Despite never having glimpsed a ghost, heard a spirit rapping, scented mimosa on the east breeze – watch the 1944 film, The Uninvited and then tell me those old black and white films can’t shiver a spine – or seen a light zag against the laws of physics in the night sky, despite all these nevers, as Fox Mulder once observed, “I want to believe.”
What is fascinating about all of the artists in “Supernatural America: The Paranormal in American Art” – the new exhibition making its debut this summer at the Toledo Museum of Art before going on tour at the Speed Art Museum and the Minneapolis Institute of Art – is that they not only believe in a world of spirits and things that go bump in the night, they face them with reverence and wonder rather than fear, welcoming emissaries from these other realms. Indeed, their art often depends on forming and maintaining strong, ongoing relationships with this hidden world that is nevertheless right beside our own.

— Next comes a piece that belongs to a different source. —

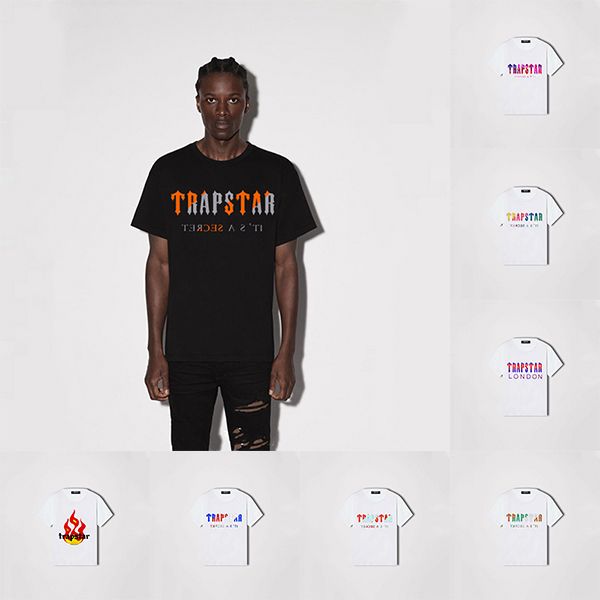20 styles trapstar london mens t shirt tide brand casual street shirts 2022 new luxurys designers shirt, White;black
20 styles trapstar london mens t shirt tide brand casual street shirts 2022 new luxurys designers shirt, White;black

What is astonishing about the exhibition – an exhibition that argues for a reappraisal of largely ignored spiritualist-artists who have been relegated to the silo of outsider art – is finding that so many canonical American artists believed that they channeled spirits. Among these, William Sidney Mount, James McNeill Whistler and Ivan Albright stand out. But why not? Behind all of our examinations of art and artists, behind all the history, social context and debates over meaning, hovers the specter of the ultimate speculation, that art chooses the artist, that the source of art, the impulse to make art, to persist in making art, is ineffable, unknowable, strange, alchemical, magical.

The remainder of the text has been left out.